Lee v. Max International is about long-standing basics of discovery compliance, applicable to both paper and digital records, says John Tredennick, a former trial lawyer who founded e-discovery vendor Catalyst Repository Systems.

District Discretion

Some district courts have been reluctant to issue sanctions in discovery cases, particularly affecting the merits of a discovery case or directing other substantial penalties, because of fear of reversal. Yelton predicts that Judge Gorsuch’s opinion will be cited in arguments that trial courts have this power and should exercise it.

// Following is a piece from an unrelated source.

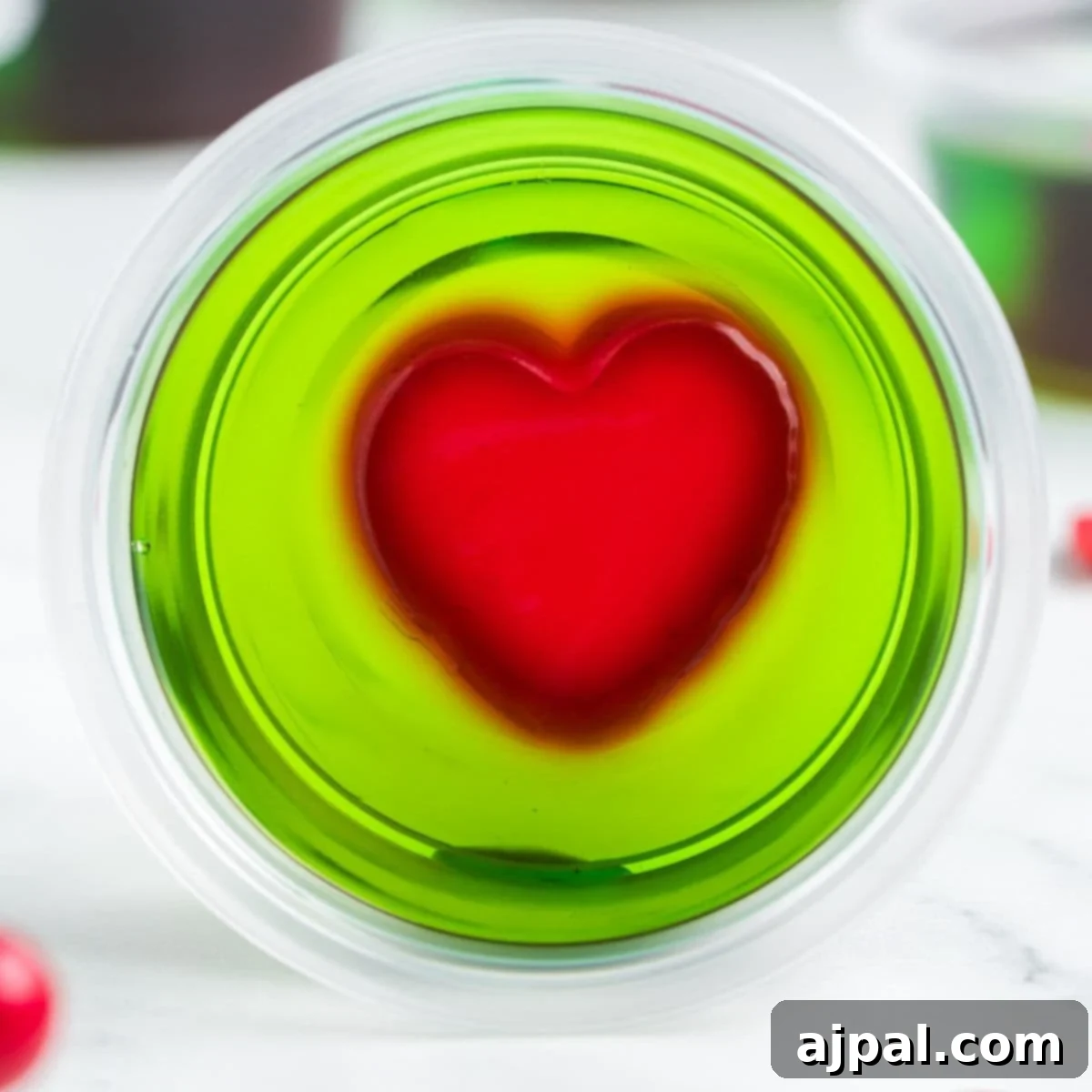 green jello shot with a red jello heart in the middle in a plastric cup on a table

The Lee opinion, Yelton says, “also is noteworthy because of the appellate court’s recognition that it should accord great deference to district courts in deciding discovery disputes.” The opinion reaffirmed that district courts enjoy “very broad discretion to use sanctions where necessary.”

While many such cases have not reached the appeals court level, those that do often reaffirm the district court decisions.

“More and more, even in a complicated discovery process, circuit courts view district courts as akin to baseball umpires who see a play on the field and must call it, with circuits reluctant to reverse any but clear-cut missed calls,” says Tredennick.

Judge Gorsuch took a more Zen-like approach to explaining his decision to uphold the district court’s ruling. “There is such thing as discovery karma,” he wrote. “Discovery misconduct often may be seen as tactically advantageous at first. But just as our good and bad deeds eventually tend to catch up with us, so do discovery machinations.”